Task item -
Using the material below, print a verbatim copy of every line from the one containing "Anti-FABP1 Mouse Monoclonal" through the one containing "Ana Hickmann se", inclusive, and omit the pictures.
++++ Given entries ++++
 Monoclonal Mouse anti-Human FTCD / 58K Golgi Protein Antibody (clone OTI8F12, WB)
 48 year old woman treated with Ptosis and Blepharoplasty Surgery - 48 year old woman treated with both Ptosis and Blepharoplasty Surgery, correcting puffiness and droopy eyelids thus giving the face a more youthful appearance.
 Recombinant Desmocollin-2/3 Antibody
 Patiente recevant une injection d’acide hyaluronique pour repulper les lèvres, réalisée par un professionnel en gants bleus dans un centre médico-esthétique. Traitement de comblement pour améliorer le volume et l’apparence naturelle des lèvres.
++++
++++ Given entries ++++
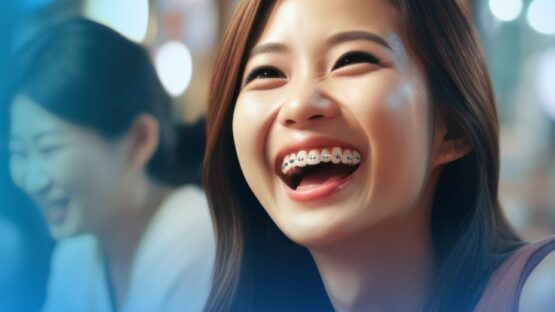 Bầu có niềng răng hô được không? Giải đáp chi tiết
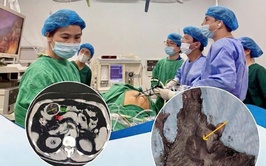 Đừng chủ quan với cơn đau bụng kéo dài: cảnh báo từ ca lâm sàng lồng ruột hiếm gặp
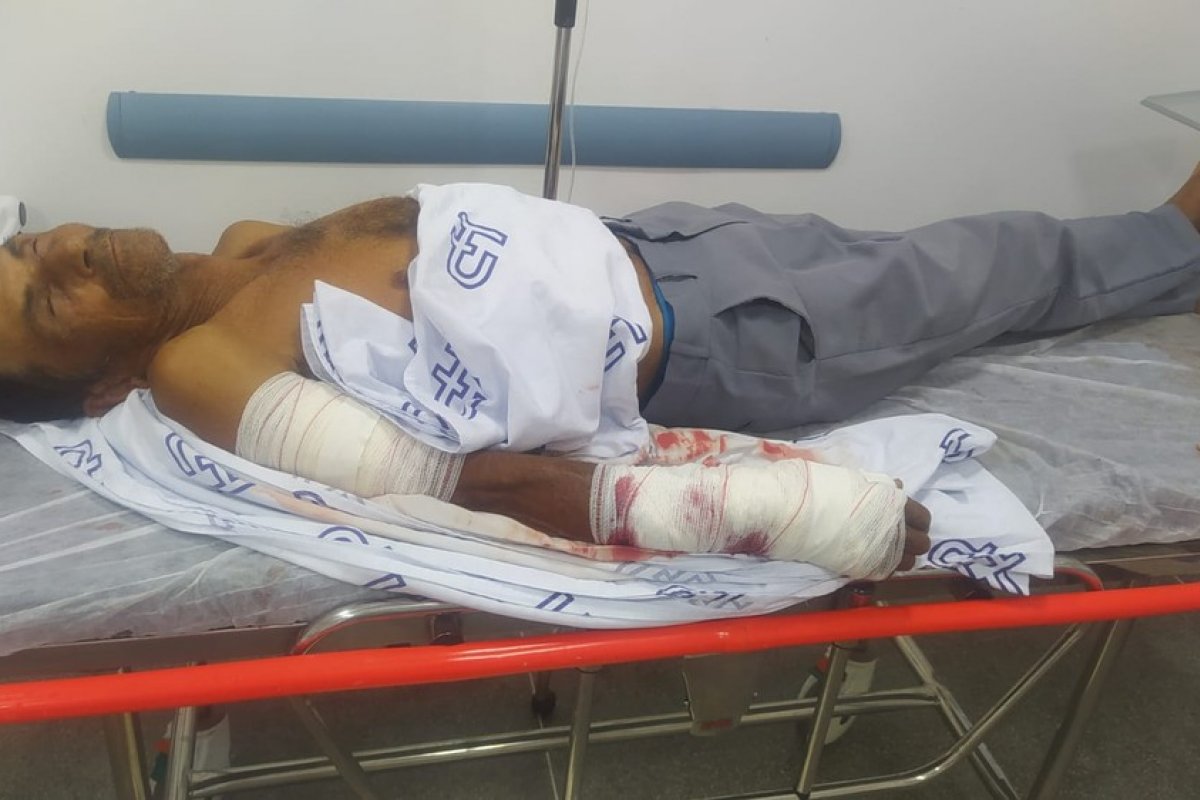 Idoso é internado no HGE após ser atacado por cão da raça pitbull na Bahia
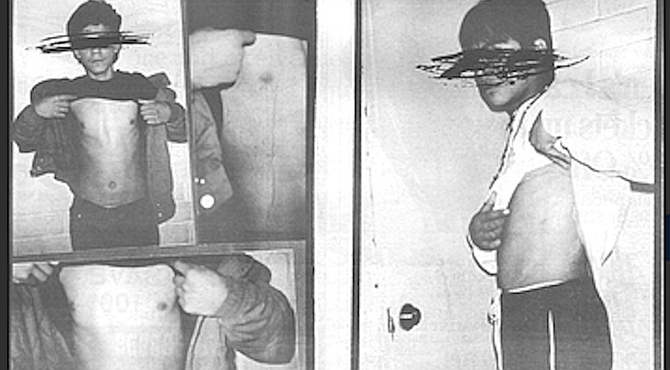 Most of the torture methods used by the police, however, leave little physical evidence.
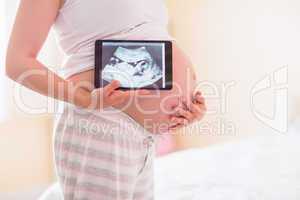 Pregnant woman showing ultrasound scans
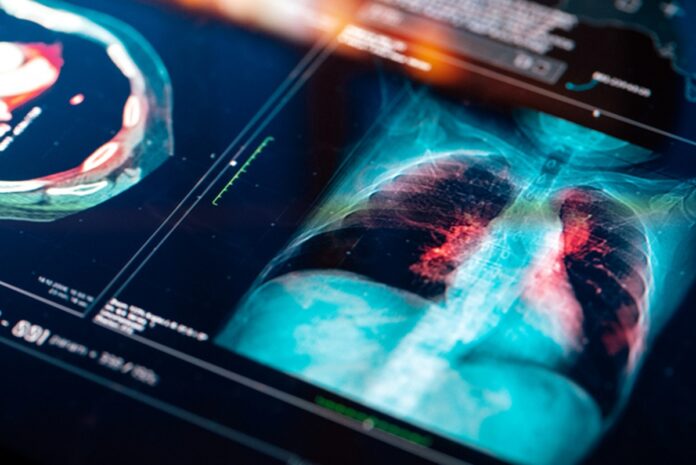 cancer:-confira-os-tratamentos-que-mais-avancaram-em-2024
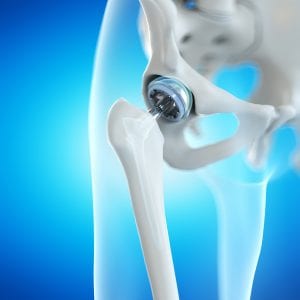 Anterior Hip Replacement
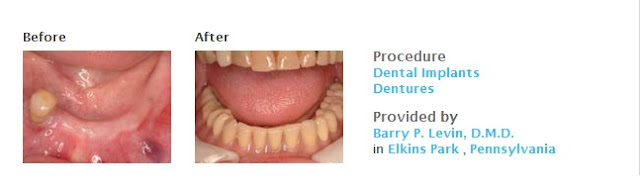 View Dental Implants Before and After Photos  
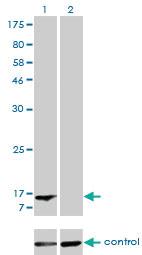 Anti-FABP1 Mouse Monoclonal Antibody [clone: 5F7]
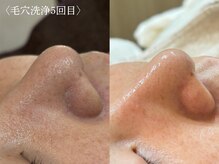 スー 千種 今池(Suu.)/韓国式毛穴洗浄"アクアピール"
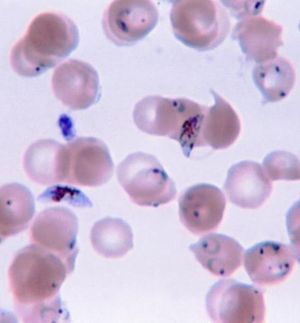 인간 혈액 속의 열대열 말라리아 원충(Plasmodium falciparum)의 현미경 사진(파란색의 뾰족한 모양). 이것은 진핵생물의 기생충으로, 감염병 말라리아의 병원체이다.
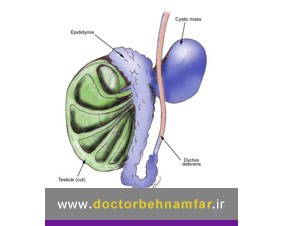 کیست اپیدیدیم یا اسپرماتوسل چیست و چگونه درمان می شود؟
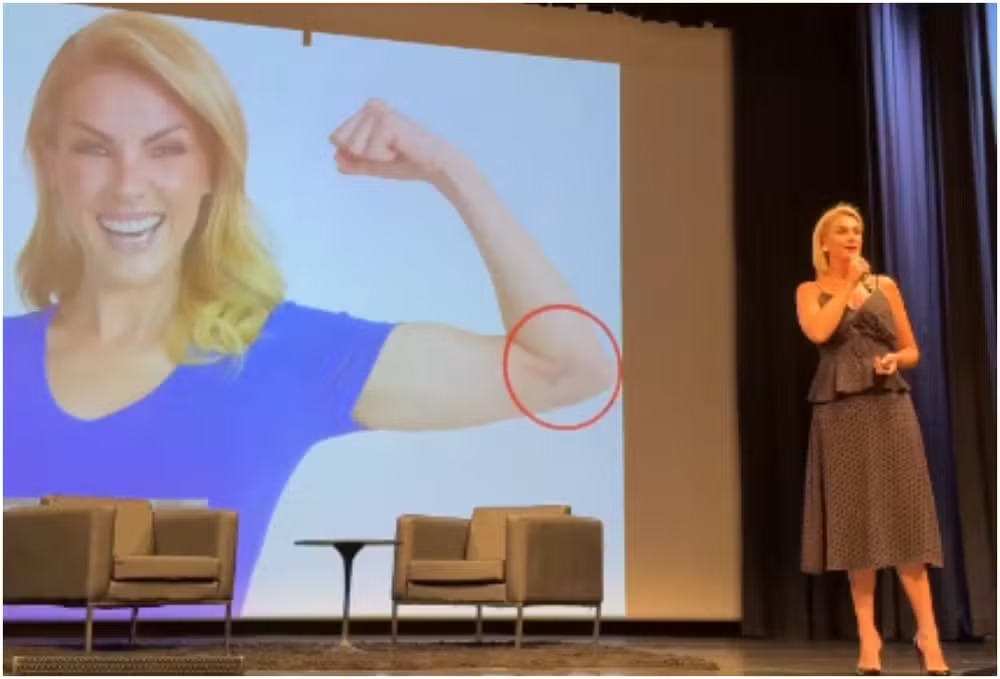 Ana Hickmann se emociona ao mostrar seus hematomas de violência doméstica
++++
Answer below -
 Anti-FABP1 Mouse Monoclonal Antibody [clone: 5F7]
 スー 千種 今池(Suu.)/韓国式毛穴洗浄"アクアピール"
 인간 혈액 속의 열대열 말라리아 원충(Plasmodium falciparum)의 현미경 사진(파란색의 뾰족한 모양). 이것은 진핵생물의 기생충으로, 감염병 말라리아의 병원체이다.
 کیست اپیدیدیم یا اسپرماتوسل چیست و چگونه درمان می شود؟
 Ana Hickmann se emociona ao mostrar seus hematomas de violência doméstica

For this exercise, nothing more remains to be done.